While some of these solutions can be expensive in the short term, such as VR headsets – many of the technological solutions to accessibility issues within built environments (like stadiums and football grounds) can be easily rectified and require less extravagant solutions.
For instance, providing a good amount of pre-visit information so that disabled people can anticipate their experience on your site can also demonstrate your willingness to accommodate their needs. You can do this through your website and social media channels (while ensuring that alt text is provided, and hash tags are written in camel case) and by providing an accessibility and sensory guide
Accessibility and Sensory Guides are fast-becoming a standard of the overall visitor experience in public recreation and entertainment settings. Working very much in the same way as a traditional leaflet or brochure, Access and Sensory Guides provide details of what there is to see and do at a particular space, while also offering information to visitors about inclusion and access.
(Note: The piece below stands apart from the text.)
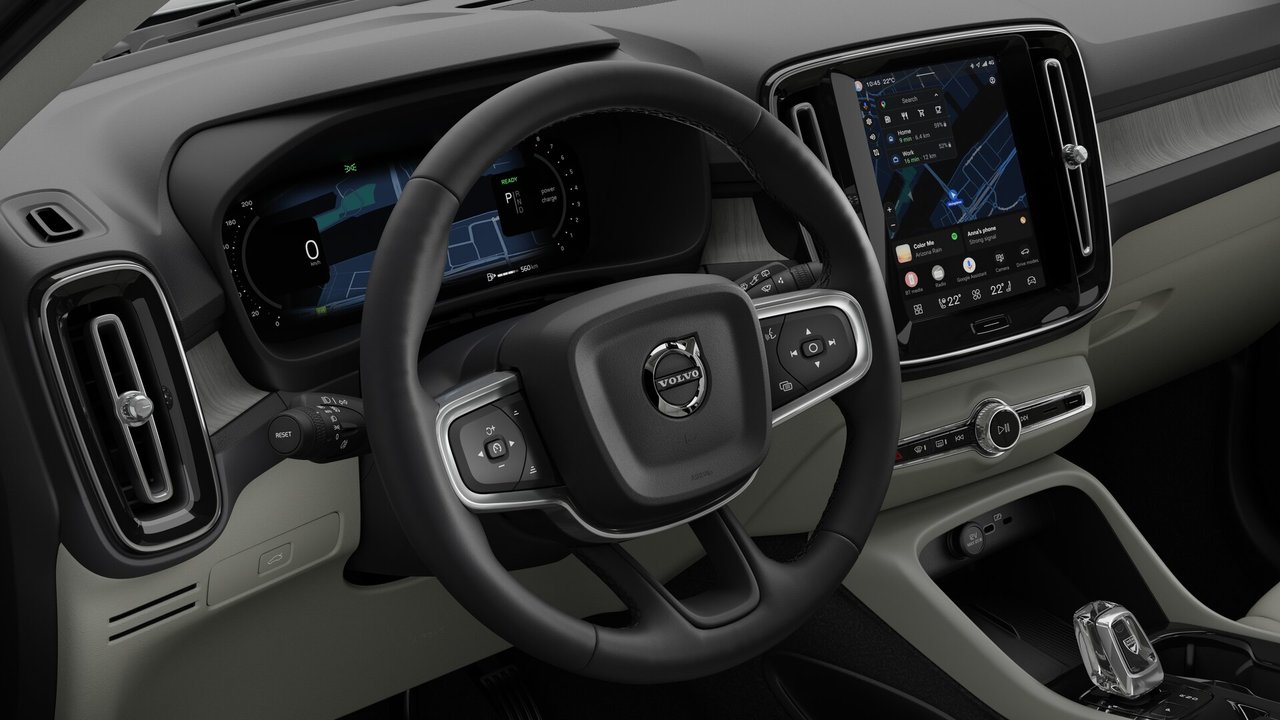 2026 Volvo XC40 - Image 14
Typically, this would include provisions and modifications available that allow disabled people to participate, such as:


- Accessible walking routes provision
- Changing Places and Accessible WCs
- Cafes and refreshment areas
- Split-height information desks
- On-site staff availability
- Wayfinding and signage
- Accessible Parking
- Hazard identification
As a team of disabled people, Direct Access understands what it’s like to want to go somewhere, arrive on site, and realise that due to a lack of accessibility issues we are unable to participate, effectively wasting time, money, and in some extreme cases risk affecting health and mental wellbeing.
Whether your site or facility could be considered truly inclusive or not, providing an Access Guide allows site owners to be transparent with their audience about the realities of their on-site accessibility provision, respecting the time of both existing visitors and new potential visitors.
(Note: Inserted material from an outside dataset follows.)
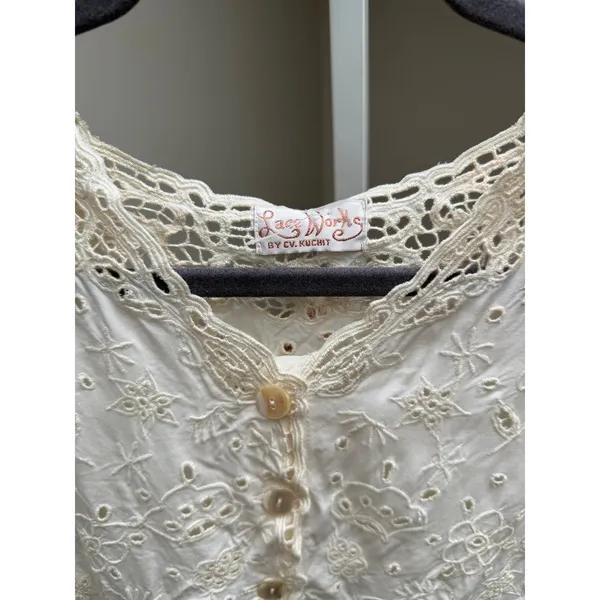 NEW NWT Lace Works Handmade Eyelet Lace Blouse Ivory Cropped Top Womens Small - Image 6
Since navigation through space is a multi-sensory “problem solving” task, which requires the use of four out of our five senses (smell is not often utilised but remains a way many people associate themselves with a particular place), it goes without saying that one wayfinding approach will not be suitable for everybody.
Broadly, wayfinding should comply with the Equality Act 2010 and the 1995 Disability Discrimination Act by removing physical barriers to access for all disabled people. Signs and wayfinding should be easily interpreted by all, lighting must be good at all points of interest, and areas where navigation will be required such as information desks, corridors, external pathways, fire exits etc.
Some key considerations to make (which apply specifically to site signage) are;
- being well lit for legibility (without glare, no matter the time of day)
- have a matt finish or gloss factor of no more than 15%
- have a high contrast between text and sign background
- have a high contrast between the sign and its surface
- be positioned consistently
- use a larger type size for signs suspended from the ceiling than
- signs positioned at eye level (to compensate for viewing distances)
- be able to withstand weather conditions if out in the elements, and replaced in circumstances where it takes damage
- interpretable, regardless of the time of day
These wayfinding resources should be detailed enough to provide a good overview of a site but be designed in such a way that a person can easily locate a point of interest and quickly decide on a direction to get to said point of interest (even if it’s at a considerable distance away). This applies to everything from the location of WCs and Changing Place facilities to on-site cafes, car parks, and lifts.